During the SPURS-2 field campaign, more than 50 CTD-O₂ profiles and over 750 underway CTD (uCTD) profiles were completed to provide information about stratification in the upper 500 m of the water column. Many profiles were well mixed in both temperature and salinity (Figure 1, left panel). However, during SPURS-2 field campaigns, we also found many instances of unexpected upper ocean stratification exhibiting unique temperature and salinity features.

In some uCTD profiles, the density-defined mixed layer depth (MLD) is shallower than the isothermal layer depth (ILD), and a layer that is well mixed in temperature but not in salinity lies between the MLD and the ILD (Figure 1, middle panel). This is known as the barrier layer. As the name suggests, barrier layers can trap fluxes of heat, freshwater, and momentum to a thinner ocean surface layer, which enhances their impacts on air-sea exchanges and sea surface temperature. In addition, the presence of a barrier layer reduces or eliminates entrainment cooling at the base of the mixed layer. The relatively weak winds that characterized ITCZ presence during the SPURS-2 campaigns could be more conducive to barrier layer formation and longevity. Salt-stratified barrier layers were observed during the cruise where the warm layer extended deeper than the fresh surface layer (Figure 2).

In contrast to other tropical regions, the barrier layers that lie under the ITCZ appear to be quite thin: many SPURS-2 shipboard profiles reveal a typical barrier layer thickness of only 10–20 m beneath shallow mixed layers of only 40–60 m depth. Their formation mechanism in the eastern Pacific is not yet clear because the atmospheric and oceanic conditions are very different from the western Pacific warm pool region where barrier layers have previously been primarily studied (e.g., Lukas and Lindstrom, 1991; Roemmich et al., 1994; Sprintall and McPhaden, 1994). Likely formation candidates include rainfall and advective processes related to current shear and horizontal and vertical salinity gradients.

A temperature inversion occurs when a warm subsurface layer is sandwiched between cooler surface and deeper layers, During the SPURS-2 cruises, temperature inversions of up to 0.5°C and 20 m thickness occurred (Figure 1, right panel), often coinciding with rainstorms and weak winds, suggesting formation through local precipitation. Indeed, temperature inversions were ubiquitous at the base of the fresh pools in the halocline, sometimes extending laterally for 50–60 km, especially in the vicinity of fronts (Figure 2). Some CTD-O₂ profiles showed that the inversion layers were associated with elevated oxygen, suggesting that subduction might play a role. It is unknown if the inversions are transient features or, indeed, what their timescales might be.

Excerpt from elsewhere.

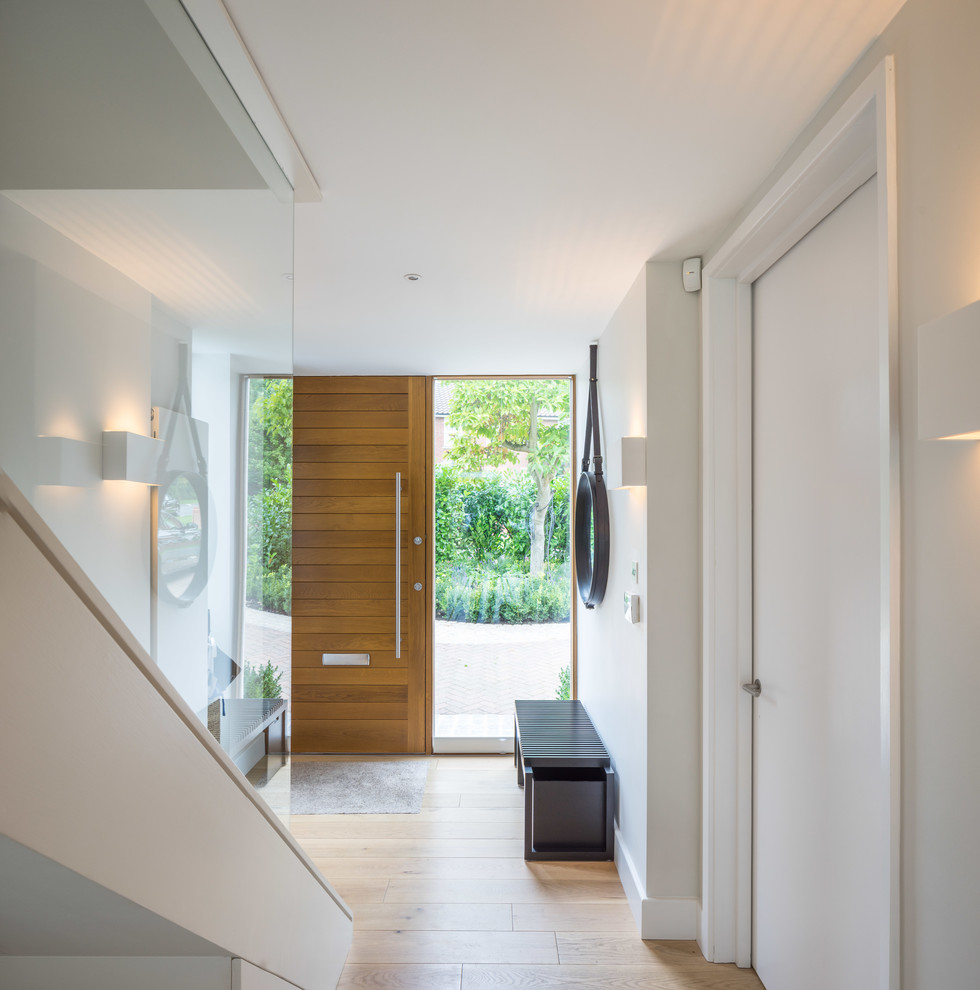 Cette image montre une entrée design avec parquet clair, un mur gris, une porte simple et une porte en bois brun.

Numerous mechanisms might be responsible for the formation of inversions, including seasonal restratification of the mixed layer related to the march of the ITCZ, lateral water mass interleaving related to wind-forced advection of cold, less saline water over warm saline water, net heat loss at the sea surface, and frontal variability. Inversion layers can also occur in conjunction with barrier layers (e.g., Sprintall and Roemmich, 1999; Thadathil et al., 2002; Helber et al., 2012), developing when warming within the barrier layer is greater than warming in a fresh surface layer, such as might occur if the mixed layer is very shallow, thus permitting penetration of shortwave radiation through its base (Mignot et al., 2012).

Future analysis will explore the many fundamental open questions remaining about the characteristics and mechanisms responsible for the salinity stratification observed during the SPURS-2 field campaigns. How does seasonal migration of the ITCZ and the related wind, rainfall, and current system influence the barrier layers? Are the large temperature inversions associated with frontal variability? How, where, and when does the presence or absence of a barrier layer influence the coupled air-sea interaction in the eastern Pacific ITCZ region? What are the temporal and spatial scales of air-sea coupling related to salinity stratification that are captured by the satellite data?

Sprintall, J. 2019. Upper ocean salinity stratification during SPURS-2. Oceanography 32(2):40–41, https://doi.org/10.5670/oceanog.2019.210.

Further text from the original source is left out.